好比說,上班的時候,肩酸手腫了你想要休息,午后難熬的時光你站著都要睡著,可是不想堆活挨罵的話,就得一刻不停地做下去。我們的勞動不再由我們自己控制,而是被機器、被流水線控制了。機器和流水線的背后是老板,它們都是老板的資產,為老板賺更多錢服務。所以生產的安排,不會考慮我們做事的時候舒不舒服、會不會損害身體,更不會在乎總重復一個動作會不會讓人覺得空虛沒有意義。因為對老板來說,做得快才是最重要的,我們只是老板廉價的賺錢工具而已。

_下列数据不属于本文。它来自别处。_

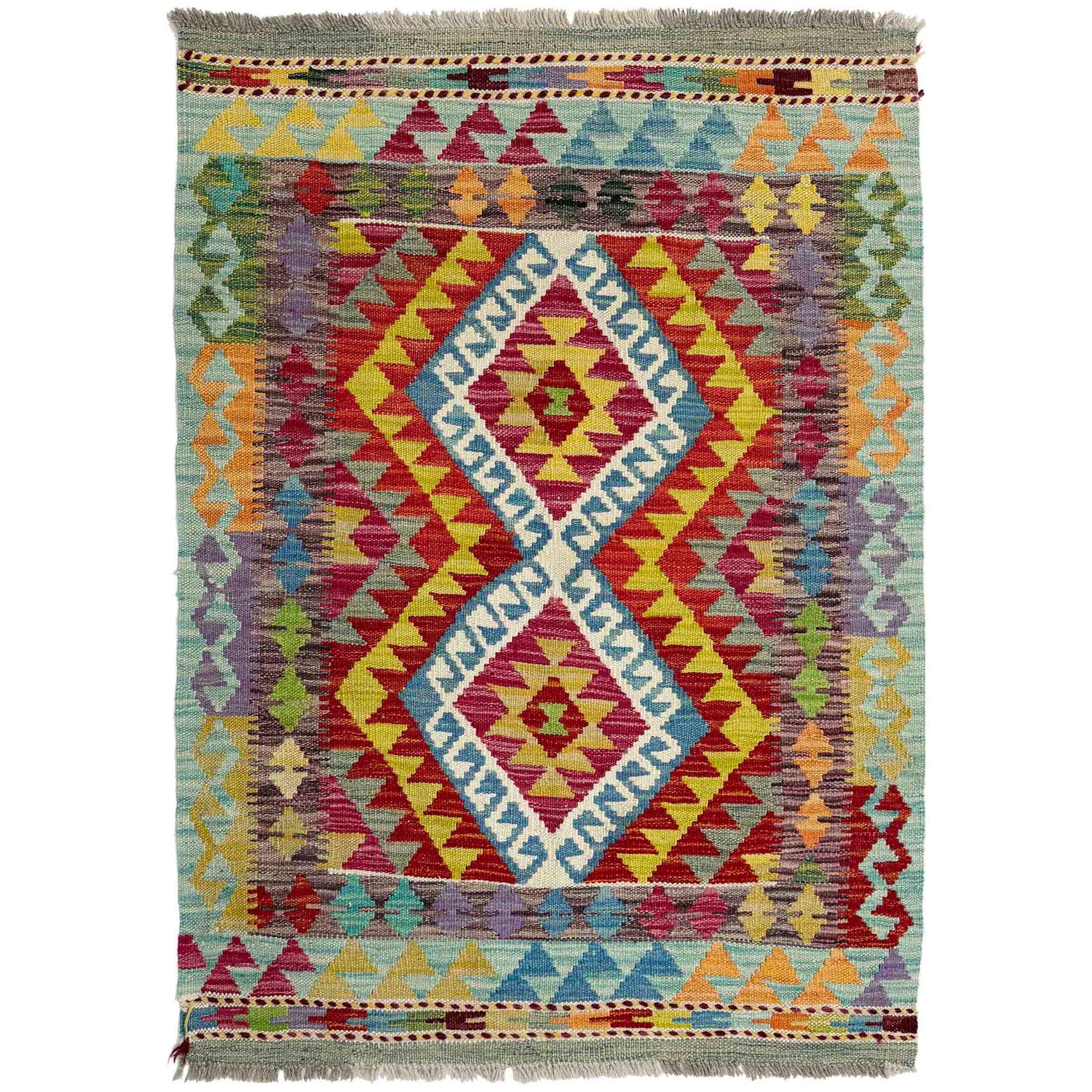 Handmade Multi Kilim Geometric 2x4 ft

51是真的很討厭上班,一上班就好像被關在工位上一樣,盼著放假就像監獄里的人盼放風差不多。可是真要連放幾天假,看看錢包,又要著急了。周老哥說打工沒有自由,這話一點沒錯。我們為異化勞動的狀態感到痛苦,但是不打工又不能生存,沒法擺脫。“竊·格瓦拉”能這么火,不正是他說出了大家想說又不敢說的話,給了咱們一個情緒的出口嗎?
主流媒體,你們急啥?
再讓我們看看官媒的評論:
澎湃新聞把他的錯誤歸結為“……不屑普通勞動者,嘲弄社會規則”。
人民日報批上“荒誕”二字,51覺得好笑,這有什么好荒誕的呢?周立齊為啥不想打工,為啥這么多人追捧他讓網紅公司嗅到了商機,很難理解嗎?你堂堂人民日報真的不明白嗎?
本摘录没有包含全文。